→ What you will do
Images are to be left out when the records below are printed word for word.

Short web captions
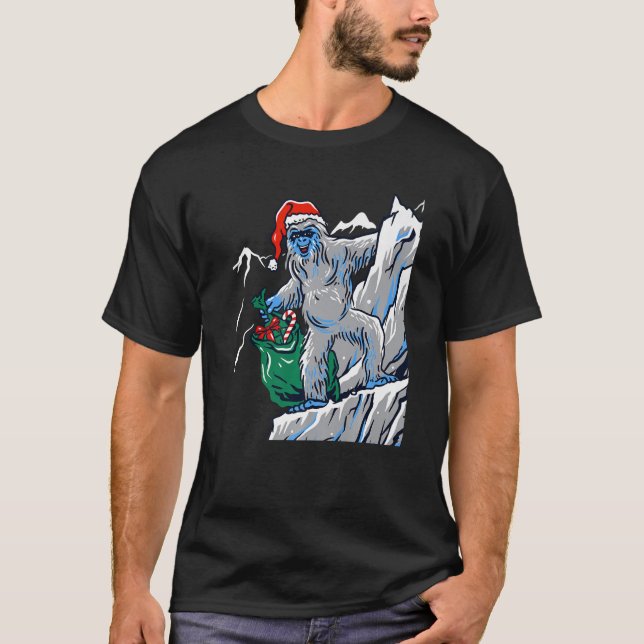 T-shirt Chant de Noël moche Yeti Père Noël (Devant)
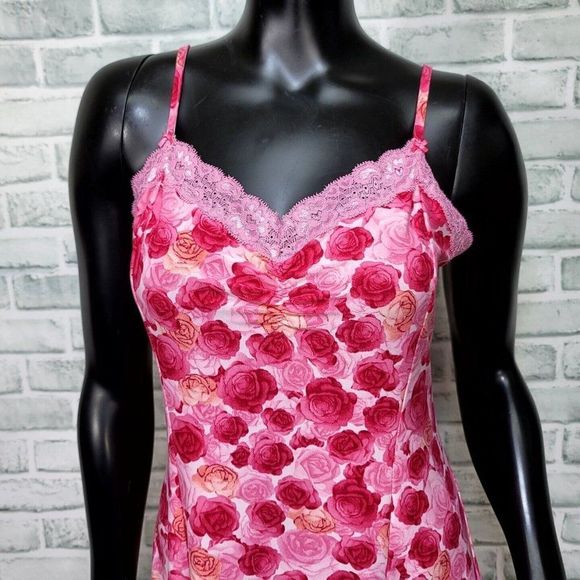 Vintage 90s California Dynasty Expressions Pink‎ Rose Floral Nightgown Chemise - Picture 2 of 7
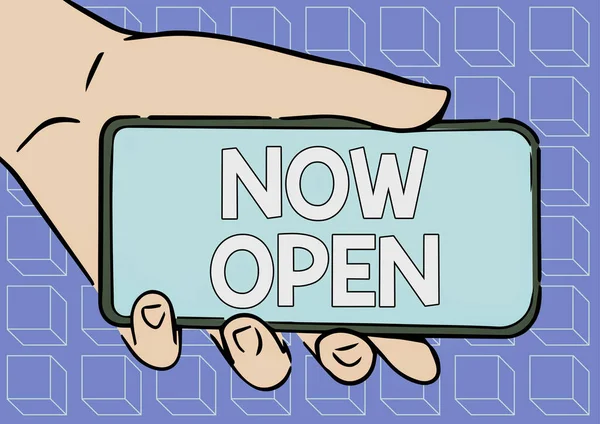 Κείμενο που δείχνει έμπνευση Now Open. Word for leave door or windows not closed or blag at this currently time Adult Hand Illustration Holding Mobile Προβολή νέας τεχνολογίας στην οθόνη. — Φωτογραφία Αρχείου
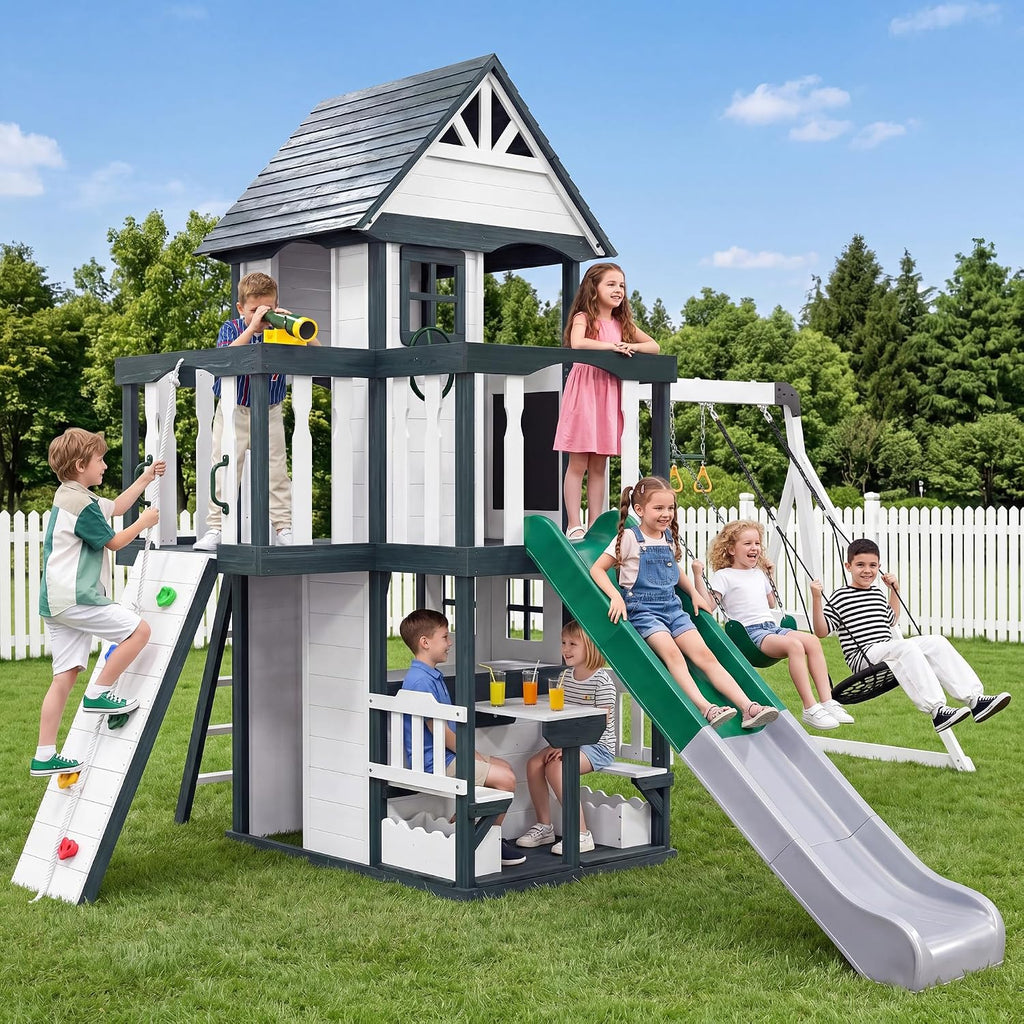 Wooden Swing Sets Playground with Slide Outdoor Playset All-in-One, White | Premium Solid Pine Wood, Lets 10 Children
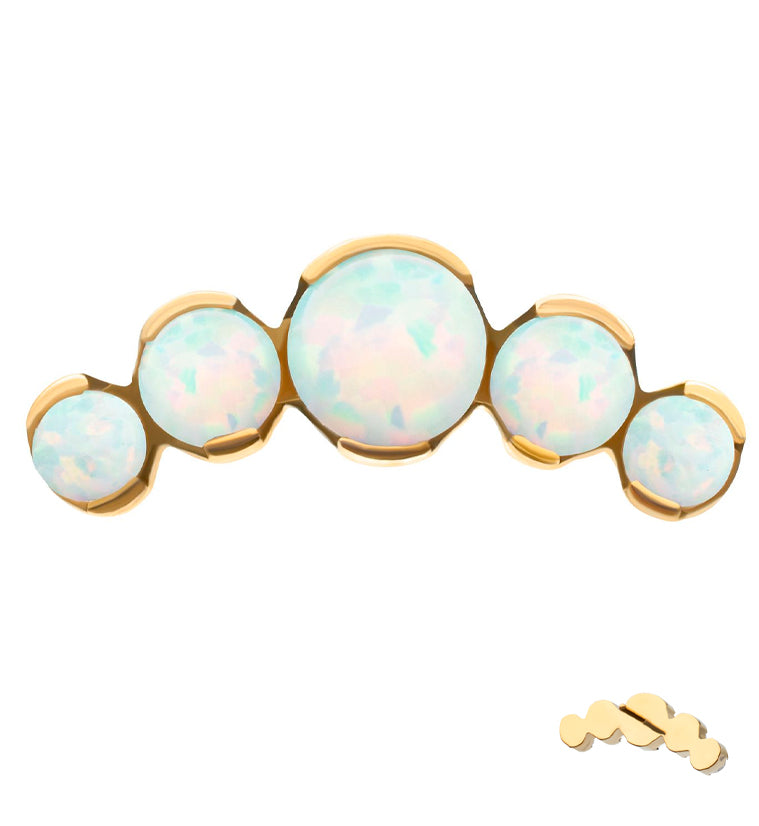 Gold PVD Semi-Bezel Quinary Curve White Opalite Titanium Threadless Top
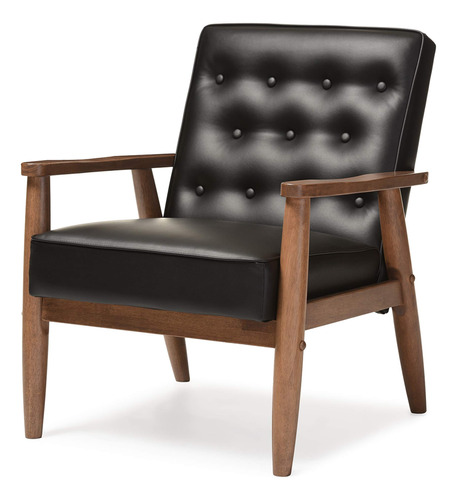 Silla Lounge Sorrento De Baxton Studio, Madera, Negro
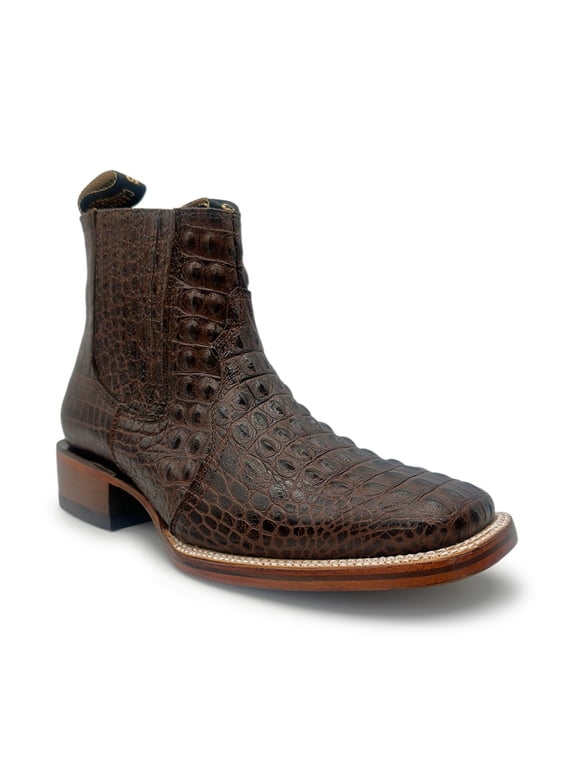 Men's Leather Square Toe Slip on Crocodile Boots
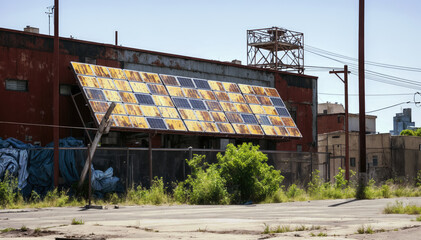large, rusty solar panel in front of an abandoned factory old rustic solar panel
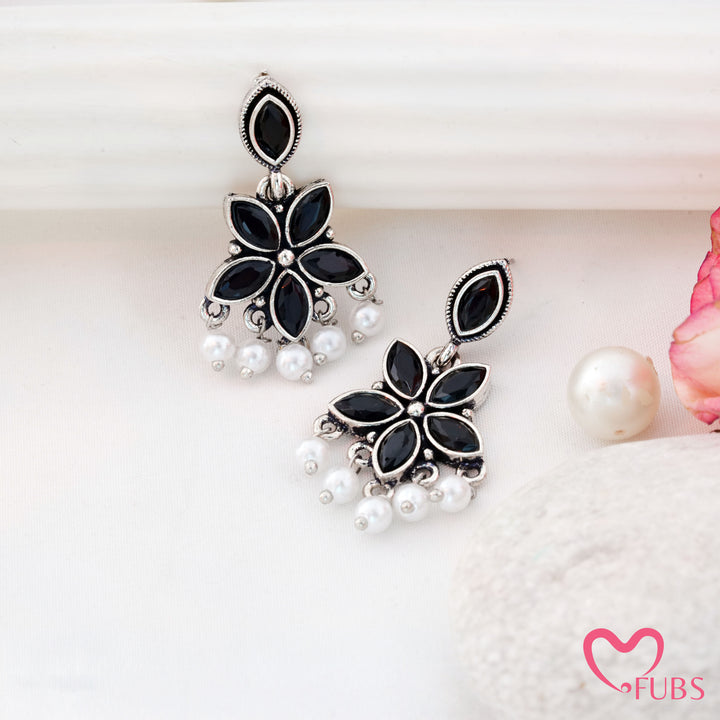Star Flower Earrings with a Pearl Drape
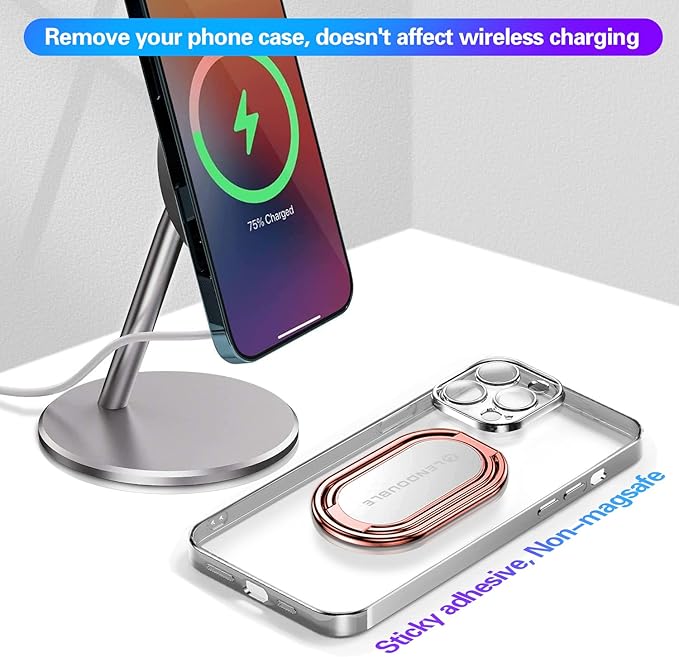 Adjustable Cell Phone Stand for Desk, Portable Phone Ring Holder Finger Kickstand Foldable Desktop Hand Grip, 360° Rotatable Loop Handle for Magnetic Car Mount & iPhone iPad Tablet Case Back-Rose Gold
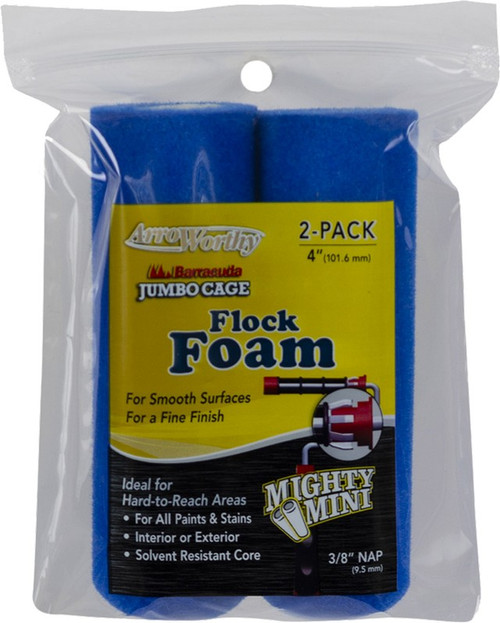 Arroworthy 4-FLK3JCT/P 4" x 3/8" Nap Flock N Foam Roller Cover (2pk)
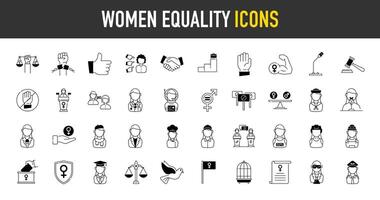 reeks van Dames gelijkheid pictogrammen. zo net zo vrouw teken, wet, gerechtigheid, stroom, vrede, beroep en meer icoon illustratie. vector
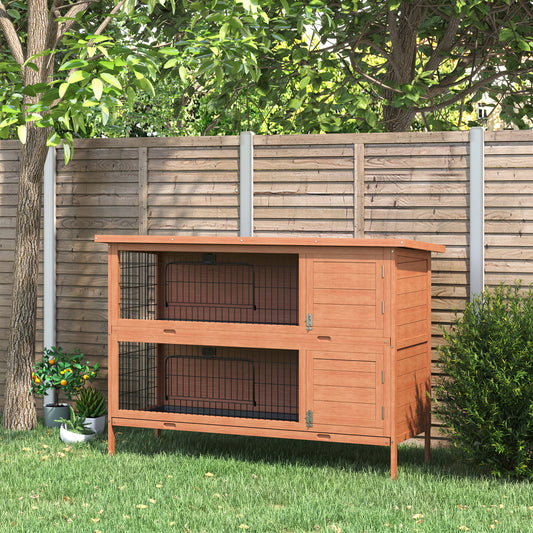 PawHut 54"L 2 Tier Large Rabbit Hutch Cage Wooden Pet House Small Animal Habitat with Lockable Doors, Escape Proof Tray and Waterproof Roof for Outdoor/Indoor Orange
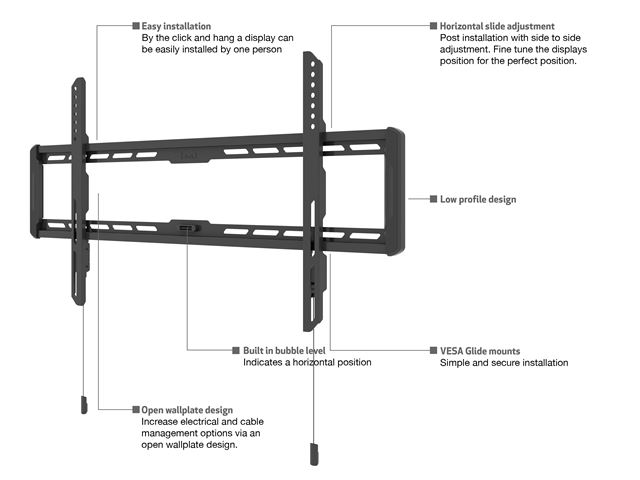 M Universal Wallmount Fixed Small Black image 1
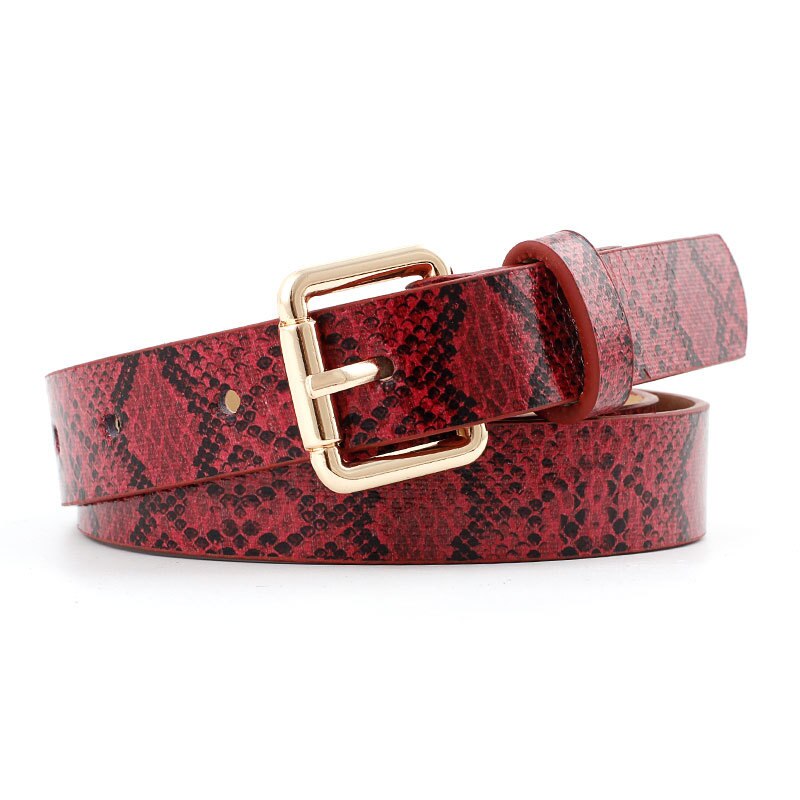 105X2.3Cm Vrouwelijke Pu Leer Snake Taille Riem Vrouwen Riemen Voor Vrouwen jurk Cinto Feminino: N150-Red-105cm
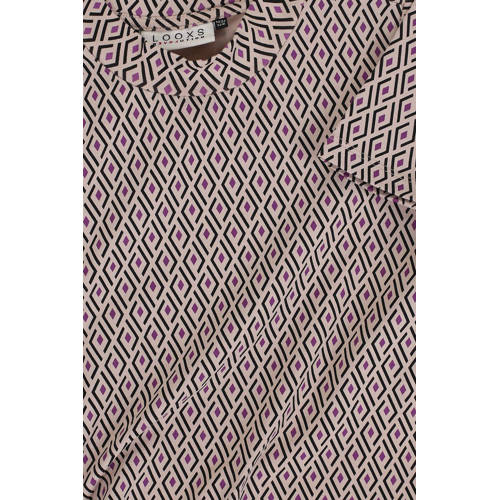 LOOXS 10sixteen top met all over print en open detail beige zwart Meisjes Stretchkatoen Opstaande kraag 128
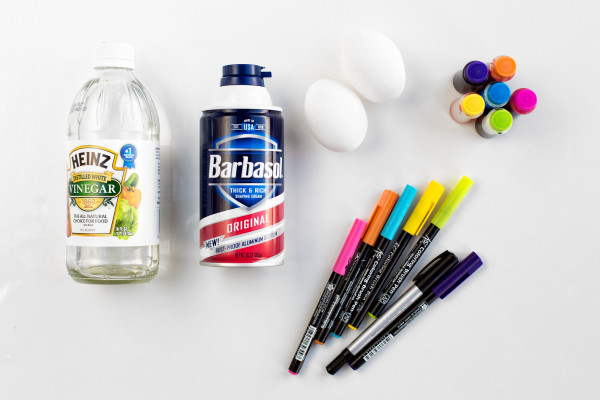 Markers, eggs, and shaving cream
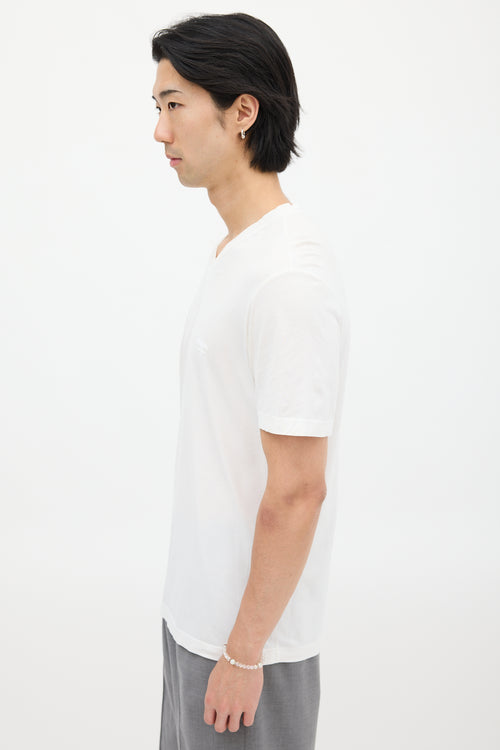 Prada White Embroidered Logo T-Shirt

→ Answer space
 T-shirt Chant de Noël moche Yeti Père Noël (Devant)
 Vintage 90s California Dynasty Expressions Pink‎ Rose Floral Nightgown Chemise - Picture 2 of 7
 Κείμενο που δείχνει έμπνευση Now Open. Word for leave door or windows not closed or blag at this currently time Adult Hand Illustration Holding Mobile Προβολή νέας τεχνολογίας στην οθόνη. — Φωτογραφία Αρχείου
 Wooden Swing Sets Playground with Slide Outdoor Playset All-in-One, White | Premium Solid Pine Wood, Lets 10 Children
 Gold PVD Semi-Bezel Quinary Curve White Opalite Titanium Threadless Top
 Silla Lounge Sorrento De Baxton Studio, Madera, Negro
 Men's Leather Square Toe Slip on Crocodile Boots
large, rusty solar panel in front of an abandoned factory old rustic solar panel
Star Flower Earrings with a Pearl Drape
 Adjustable Cell Phone Stand for Desk, Portable Phone Ring Holder Finger Kickstand Foldable Desktop Hand Grip, 360° Rotatable Loop Handle for Magnetic Car Mount & iPhone iPad Tablet Case Back-Rose Gold
 Arroworthy 4-FLK3JCT/P 4" x 3/8" Nap Flock N Foam Roller Cover (2pk)
 reeks van Dames gelijkheid pictogrammen. zo net zo vrouw teken, wet, gerechtigheid, stroom, vrede, beroep en meer icoon illustratie. vector
 PawHut 54"L 2 Tier Large Rabbit Hutch Cage Wooden Pet House Small Animal Habitat with Lockable Doors, Escape Proof Tray and Waterproof Roof for Outdoor/Indoor Orange
 M Universal Wallmount Fixed Small Black image 1
 105X2.3Cm Vrouwelijke Pu Leer Snake Taille Riem Vrouwen Riemen Voor Vrouwen jurk Cinto Feminino: N150-Red-105cm
 LOOXS 10sixteen top met all over print en open detail beige zwart Meisjes Stretchkatoen Opstaande kraag 128
 Markers, eggs, and shaving cream
 Prada White Embroidered Logo T-Shirt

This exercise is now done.